Scouts from CBS Sports and ESPN say Bowers is a ready-made NFL defensive end with ridiculous strength. He's 280 pounds, and haunts offensive tackles from the strong side of the line.
Defensive end is one of many needs for the Browns, who haven't gotten any pressure off the edge since Kamerion Wimbley's decent 2009 campaign.
Mike Holmgren cleaned house this offseason, letting go of several veteran linemen as well.
Bowers loves to use his upper body, and he's excellent in both the pass rush and as a run stopper. He has great closing speed and the ability to get to the sideline and make a play.
He was hampered by some injuries in 2010, but Bowers is worthy being a top-six pick.
He recorded 16 sacks with Clemson in 2010. Bowers' former mentor Gaines Adams, who passed away recently, will be motivating him to be successful in the NFL.
The Browns need his energy and passion, and Bowers would be a solid selection in the first round for Cleveland.
You're probably thinking: "even if Patrick Peterson was available at No. 6, why would the Browns take him?" Well, if Peterson is indeed the uniquely-gifted athlete he's been pronounced to be, Cleveland will benefit greatly from his presence.
With Peterson, the Browns can actually be labeled "elite" at the cornerback position. Cleveland hasn't had an elite position since returning to the league in 1999.
Sheldon Brown would then become a tremendous third option in the nickel and dime packages, and the Browns will be locking receivers down since Joe Haden is already outstanding.
Peterson is rated No. 1 on CBS Sports' talent board. In 2010, he won both the Bednarik Award as the nation's top defender and the Thorpe Award as the top defensive back.
Cornerback is by no means a need for the Browns aside from a replacement for Eric Wright, but Cleveland can't go wrong if somehow Peterson falls outside of the top five draftees.
Julio Jones was a top talent in the SEC, and now, he has a chance to revive a Cleveland passing offense that hasn't done well since Derek Anderson's surprising 2007 season.
Jones ran a 4.34 40-time at the combine, but it was with a broken leg! He's got great speed for a guy whose 6'3" and 220 pounds.
Initially, because of his size, the impression on Jones as an NFL receiver was that he'd be more of a T.J. Houshmandzadeh-type player. Now, we know he has the ability to burn a defender down field and make the big play.
Perhaps Jones' best quality is his ability to improvise with the football, as he piled up 1,133 yards in 2010, and caught 78 passes. Those great stats don't display Jones' full potential though, because once he cuts down on dropped passes, he'll be elite.

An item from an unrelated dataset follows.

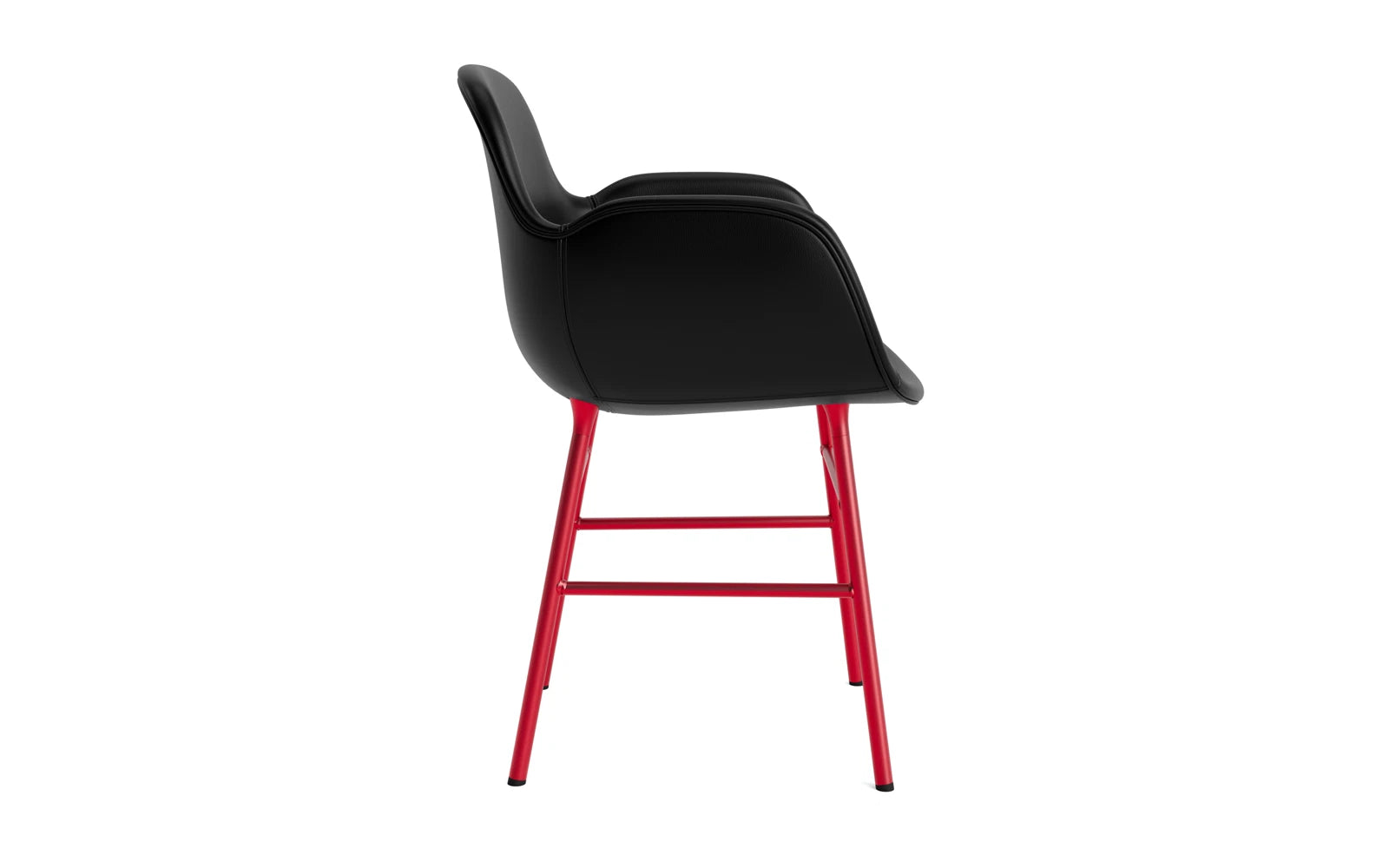 Form Lehnstuhl gepolstert Leuchtendes Rot Stahl Ultra Leder in Ultra 41599 präsentiert im Onlineshop von KAQTU Design AG. Stuhl mit Armlehne ist von Normann Copenhagen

He will be highly considered by the Browns if A.J. Green is taken before pick No. 6, and quite frankly, there's not a large talent discrepancy between the two stars.

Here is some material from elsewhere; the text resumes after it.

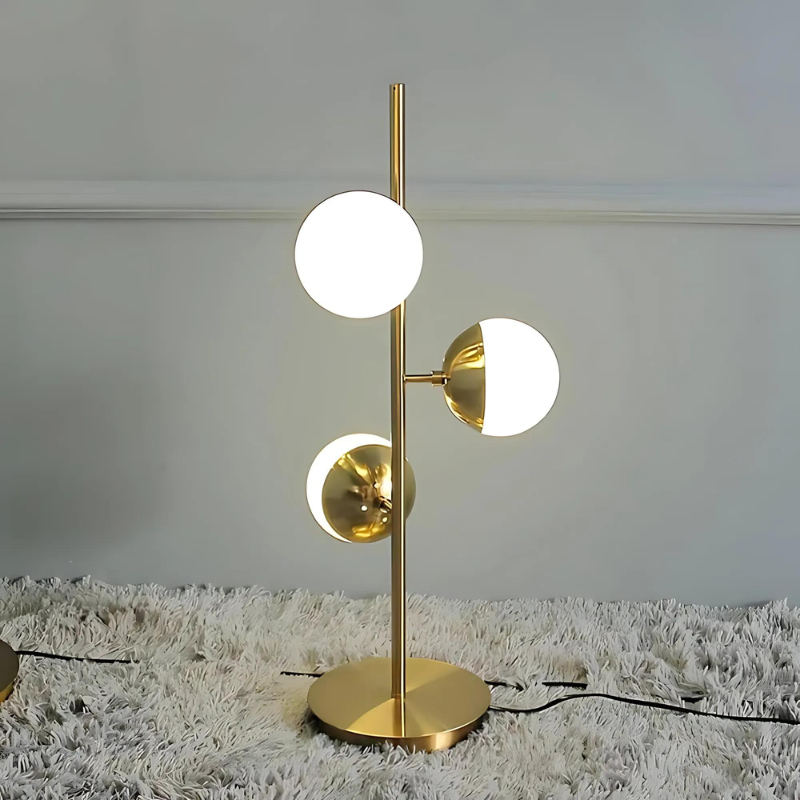 LumiTree | Stilvolle LED-Tischlampe und Stehlampe in Gold mit modernen Glaskugeln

A.J. Green will make more spectacular plays, but Jones will move the chains. Colt McCoy would love the idea of a 6'3" receiver to throw to as well.
With comparisons to Calvin Johnson, there isn't a chance that Cleveland would pass on A.J. Green if he was available at pick No. 6.

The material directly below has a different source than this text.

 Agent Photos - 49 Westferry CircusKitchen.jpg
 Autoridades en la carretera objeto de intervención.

Granted, wide receiver is probably the most difficult position to succeed at as a rookie, but Green has all the tools to do so. He is taller than Julio Jones, and jumps higher. In 2010, Green had nine touchdowns despite missing four regular season games.
He's also been put through the ultimate test of playing in the SEC, and has succeeded in becoming one of the conference's all-time great receivers.
Drafting Green would be the best possible solution to Cleveland's passing problems. He'd grow and progress at the same time as Colt McCoy, who's expected to play his first full season as a starting quarterback.
Green's mentor and former Georgia teammate Mohamed Massaquoi is currently Cleveland's No. 1 receiver. Both of these guys can establish ultimate chemistry once again, and take the passing game to new heights.
Since Colt McCoy is already so accurate, once he establishes a comfort level throwing long, Green will optimize his potential.
It doesn't happen very often that a player as special as Green will be on the board at No. 6, but if the Browns get him, there's no telling how good the team will be in the future.
Green would give Cleveland an automatic A+ for the draft.